I don't know how many symbols you are testing. And how much data per symbol you use. Chances are that 4GB is not enough to fit all your data.
Check Tools->Performance Monitor if ALL symbols are in RAM cache.

and if you are using padding or not. Padding is costly as data can't be used directly they need to be pre-processed (padded).

Tomasz,

Thanks for your answer.

I'm testing 227 symbols from the S&P 100 Current & Past Norgate Watchlist, from 31/12/2009 to 31/12/2019, I use End-of-Day data, I'm not padding, all symbols are in RAM chache:

Captura 1

Do you think I could try something else?

Regards.

So you are optimizing 10 years of 227 symbols worth of data, 500 optimizations steps (500 backtests) in 74 seconds.
It looks that on average single backtest (analysing 590200 data points in each backtest) takes on your end 74/500 seconds = 0.14 sec.
That gives 5 million data points per second throughput.
If that's the case what do you really expect? Realistically?

Tomasz,

Thanks for your answer.

I didn't have a concrete expectation about how long the optimization should last, but since I have to optimize a system which is larger than the one in the example, I was wondering how to make the process faster.

However, if the indicated time is reasonable, I feel satisfied to know that I'm not doing something wrong.

Thanks to the rest of the users for your anwers as well.

Best regards.

As I wrote, for maximum speed you can change from plugin to "(local database)" this will
run backtest without ever touching anything outside AmiBroker and will be the fastest option. As indicated earlier, any plugin-exposed function is going to slow down backtest, so earlier suggested ways to store plugin-exposed data in static variables gives you nice boost (2x).
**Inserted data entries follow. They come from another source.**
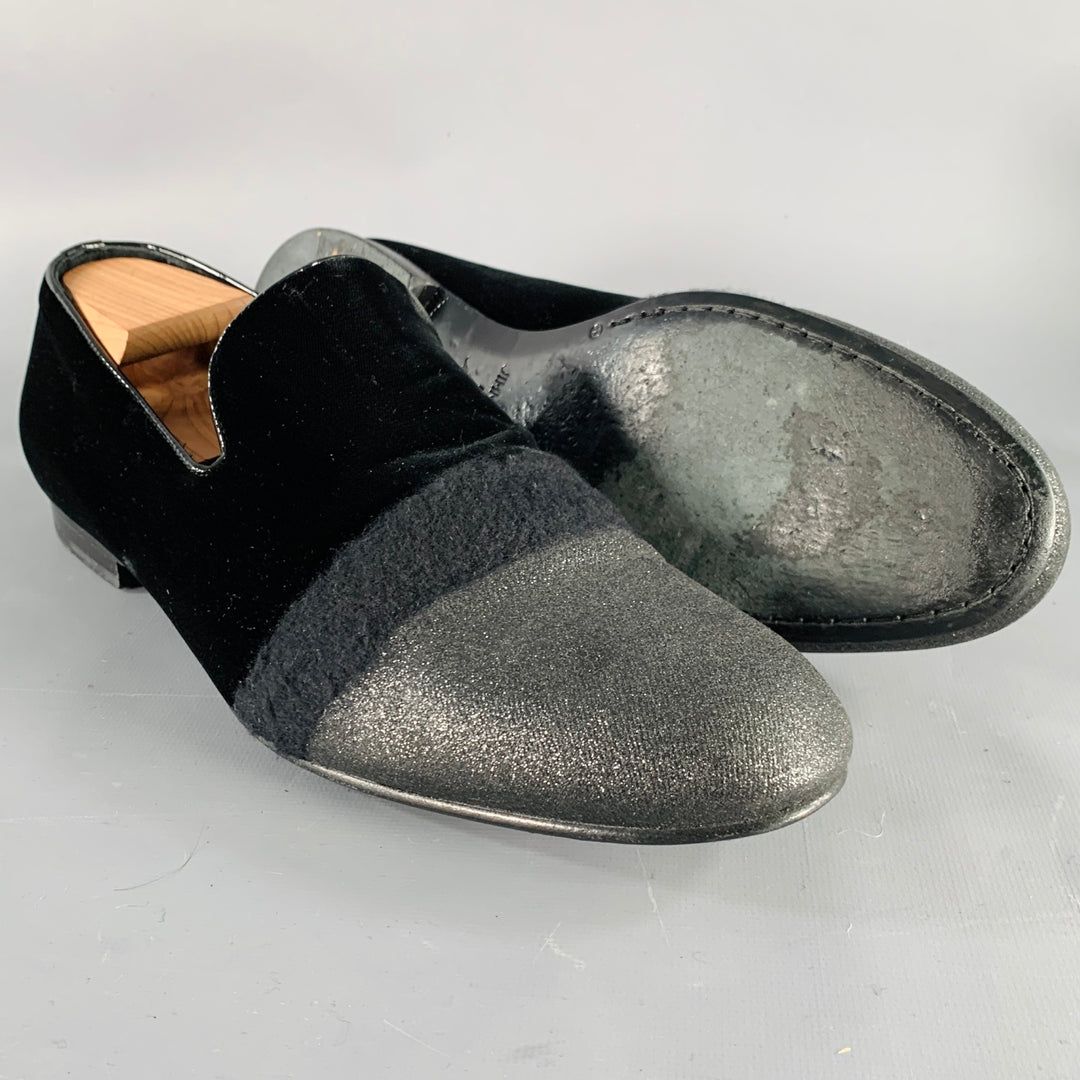 JIMMY CHOO Size 11.5 Black Grey Glitter Velvet Loafers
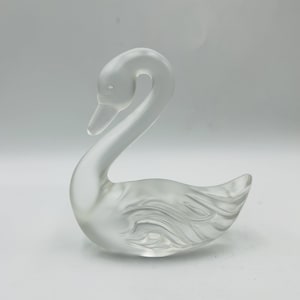Fenton satin glass swan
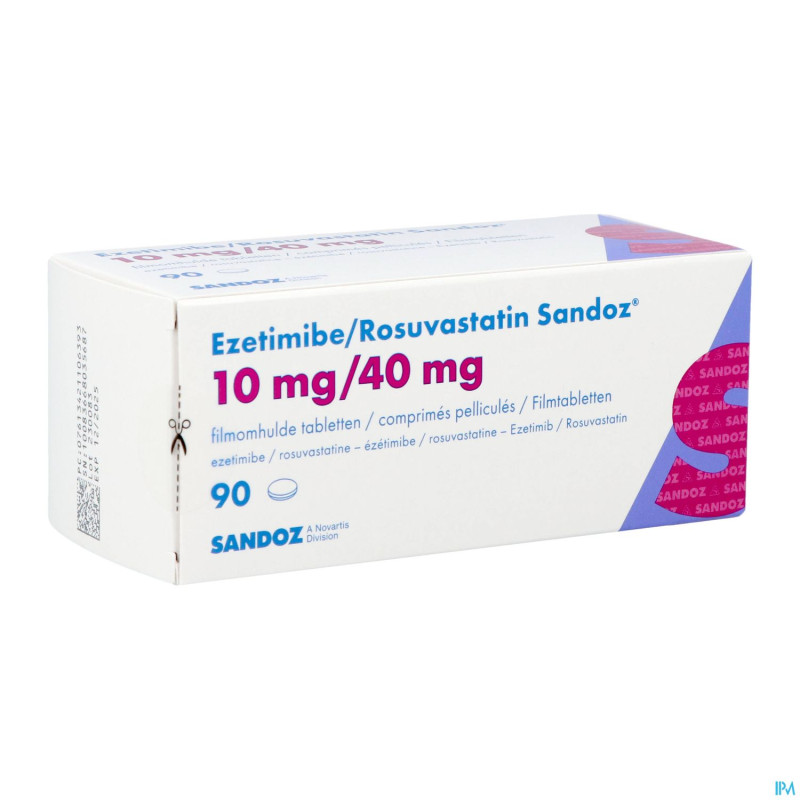 Ezetimibe/rosuvastatin sandoz 10mg/40mg    comp 90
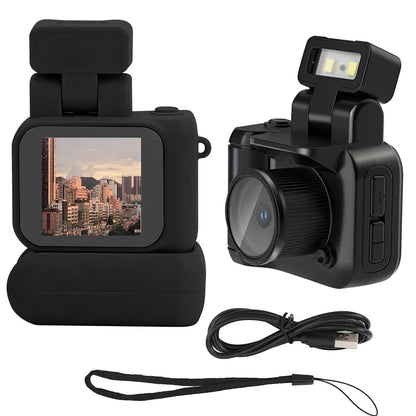 Y4000 Mini HD 1080p Camera – Portable Retro Digital Video Recorder with Screen, Flash Light & Battery Dock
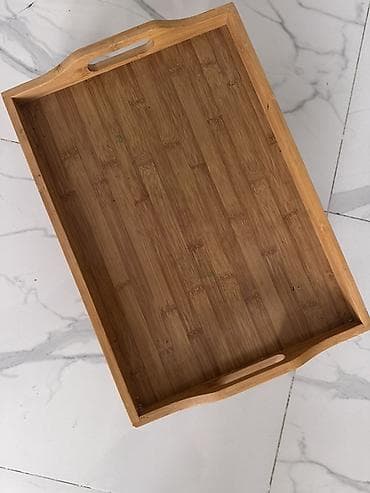 Бамбуковый столик Bambukdan qatlanan ayaqlı səhər yeməyi tepsisi - — 2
Backtest speed depends on including CPU speed, RAM bandwidth, size of data used (number of bars), the formula itself, options used (for example MonteCarlo simulation turned on/off). It is all discussed here:



http://www.amibroker.com/kb/2017/10/06/limits-of-multithreading/

When I got some time I will provide some more "baseline" numbers for performance so people can compare to the speed they are getting if they doubt if their performance is optimum or not.

5 Likes

This topic was automatically closed 100 days after the last reply. New replies are no longer allowed.